Lucinda Davenport ignoró la cháchara que se desarrollaba a sus espaldas mientras permanecía de pie ante la ventana y observaba a los tres jóvenes en el columpio. Ellos le pertenecían; su sangre corría por todos. Eran el futuro, la esperanza de Davencourt, lo único que quedaba.
Cuando le informaron del accidente, durante unas aciagas horas, la pena había sido tan enorme que se había sentido aplastada por ella, incapaz de funcionar, de sentir. Aun se sentía como si le hubieran arrancado una parte de ella, dejando tan solo en su lugar una profunda herida sangrante. Sus nombres resonaban en su corazón de madre. David. Janet. Los recuerdos asaeteaban su mente, viéndolos como bebes pegados a su pecho, como niños fuertes y activos, como difíciles adolescentes y como maravillosos adultos. Tenía sesenta y tres años y había perdido a muchos seres queridos, pero este último golpe fue casi mortal. Una madre nunca debería sobrevivir a sus hijos.
Pero en el momento más oscuro, Webb había estado allí, ofreciéndole su silencioso consuelo. Sólo tenía catorce años, pero ya se estaba forjando el hombre en el cuerpo del niño. Le recordaba muchísimo a su hermano, el primer Webb; poseía el mismo núcleo de acero, una energía casi temeraria, y una madurez interior que lo hacia parecer mucho más mayor de su edad. Su pena no le había acobardado sino que la compartió con ella, haciéndole saber que a pesar de su enorme pérdida, no estaba sola. Fue en esa hora más oscura cuando atisbó un rayo de esperanza, sabiendo lo que debía hacer. Cuando lo abordó por primera vez para que estudiara la idea de hacerse cargo de las empresas Davenport, de poseer finalmente Davencourt, no se había sentido intimidado por ello. En cambio sus verdes ojos habían brillado ante la perspectiva, ante el desafío.
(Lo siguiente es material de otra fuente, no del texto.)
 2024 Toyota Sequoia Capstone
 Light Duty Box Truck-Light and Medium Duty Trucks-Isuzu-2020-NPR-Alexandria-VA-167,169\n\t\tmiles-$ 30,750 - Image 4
Había hecho una buena elección. Algunos de los otros pondrían el grito en el cielo; Gloria y su grupo se pondrían fuera de si al haber sido Webb el elegido por encima de cualquiera de los Ames, cuando después de todo, ambas ramas tenían el mismo grado de parentesco con Lucinda. Jessie sí que tendría una buena razón para estar enfadada, ya que ella era una Davenport y familia directa, pero aunque quería mucho a la muchacha, Lucinda sabía que, con ella, Davencourt no estaría en buenas manos. Webb era la mejor elección, y además cuidaría de Jessie.
Veía como el asiento del columpio se balanceaba en silencio y supo que Webb había ganado esa batalla. El chico ya tenía los instintos de un hombre, y además de un hombre dominante. Jessie estaba enfurruñada, pero él no cedió. Siguió consolando a Roanna, quien como era habitual en ella se las había arreglado para causar algún tipo de problema.
Roanna. Lucinda suspiró. No se veía capaz de asumir el cuidado de una pequeña de siete años, pero la niña era la hija de David, y simplemente no podía consentir que se fuese a ninguna otra parte. Aunque lo había intentado, por equidad, no podía querer a Roanna tanto como quería a Jessie, o a Webb, quien ni siguiera era su nieto, sino su sobrino-nieto.